--- INFORMATION PROVIDED ---

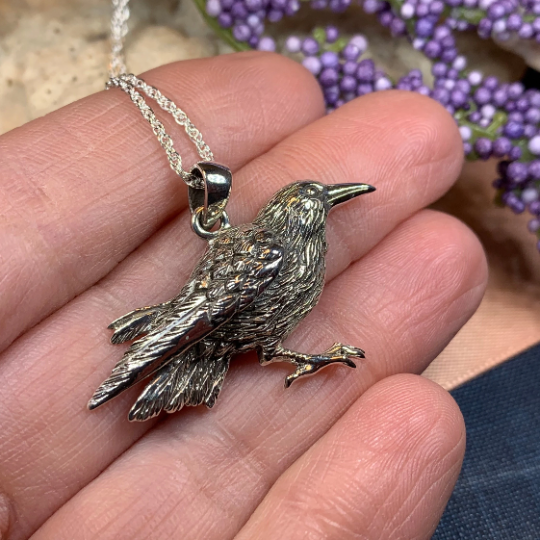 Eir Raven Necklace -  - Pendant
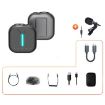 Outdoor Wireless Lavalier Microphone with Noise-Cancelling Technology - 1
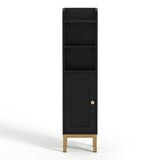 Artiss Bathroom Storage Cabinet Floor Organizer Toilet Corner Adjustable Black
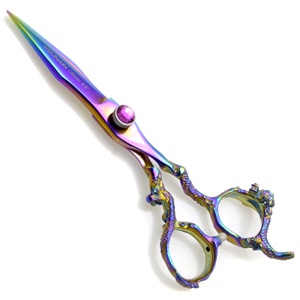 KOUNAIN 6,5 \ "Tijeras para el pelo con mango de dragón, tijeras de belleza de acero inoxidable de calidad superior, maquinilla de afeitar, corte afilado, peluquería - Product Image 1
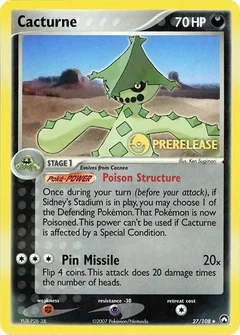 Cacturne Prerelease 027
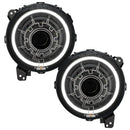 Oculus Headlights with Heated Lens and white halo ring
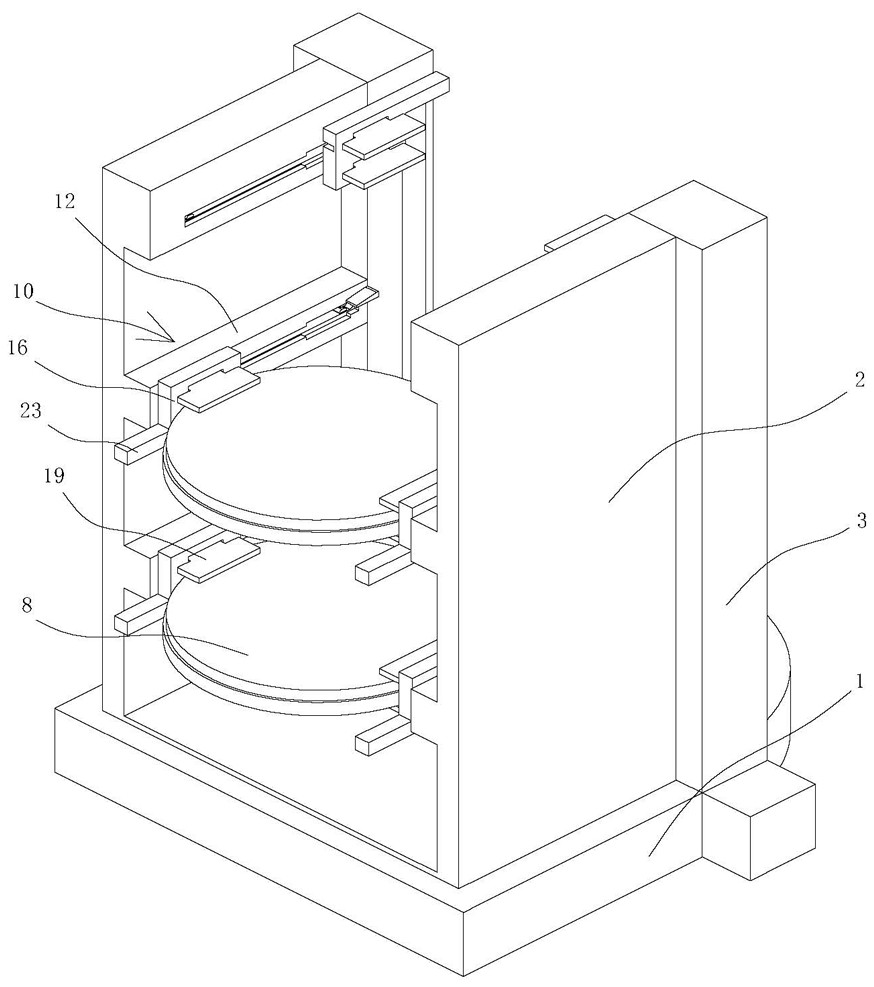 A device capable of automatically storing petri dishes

--

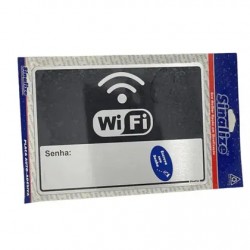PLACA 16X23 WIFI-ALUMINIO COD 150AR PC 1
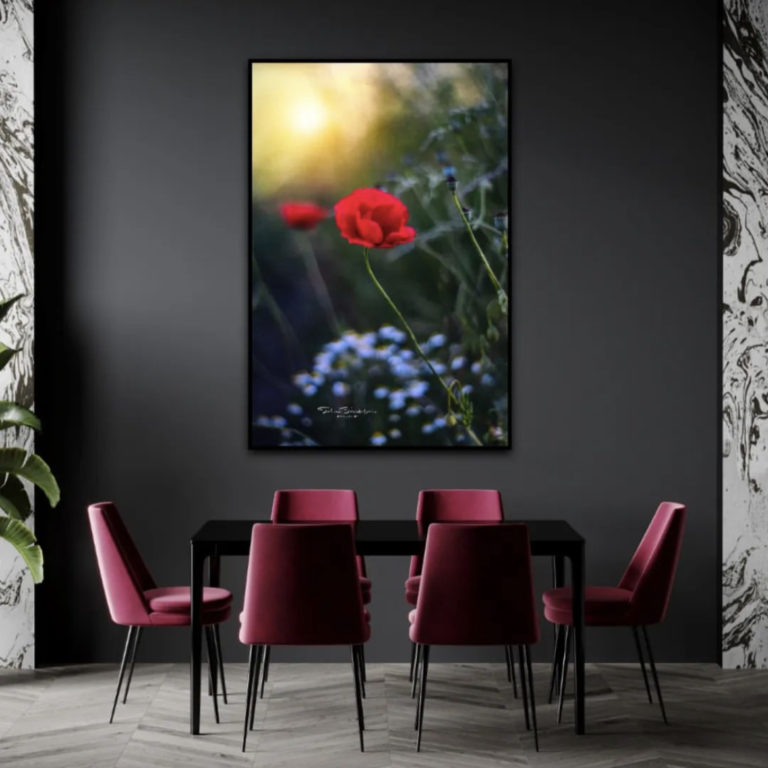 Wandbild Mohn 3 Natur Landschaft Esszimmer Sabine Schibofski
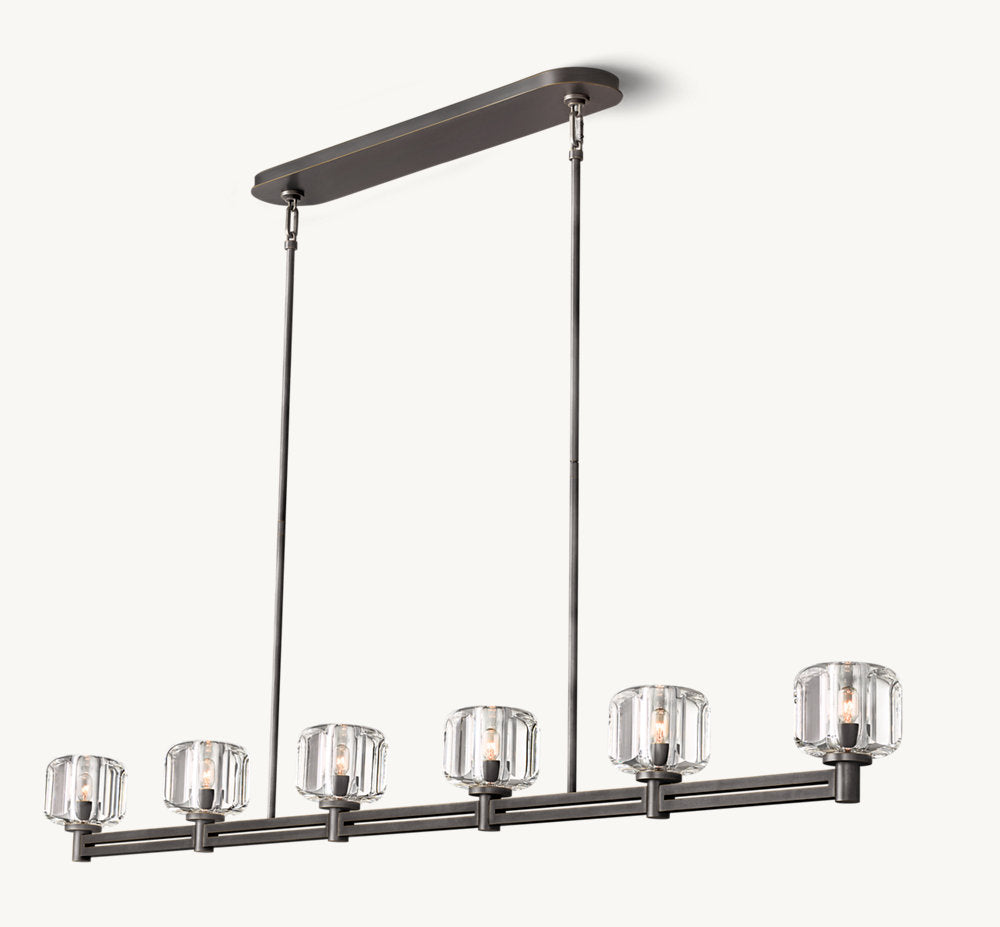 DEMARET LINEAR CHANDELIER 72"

--- WHAT YOU SHOULD DO ---
Look above for the line with "Eir Raven Necklace"; quote it and every line after it, stopping after the line with "A device capable", exactly, with nothing added and without pictures.

--- SOLUTION TO THIS TASK ---
 Eir Raven Necklace -  - Pendant
 Outdoor Wireless Lavalier Microphone with Noise-Cancelling Technology - 1
 Artiss Bathroom Storage Cabinet Floor Organizer Toilet Corner Adjustable Black
 KOUNAIN 6,5 \ "Tijeras para el pelo con mango de dragón, tijeras de belleza de acero inoxidable de calidad superior, maquinilla de afeitar, corte afilado, peluquería - Product Image 1
 Cacturne Prerelease 027
 Oculus Headlights with Heated Lens and white halo ring
 A device capable of automatically storing petri dishes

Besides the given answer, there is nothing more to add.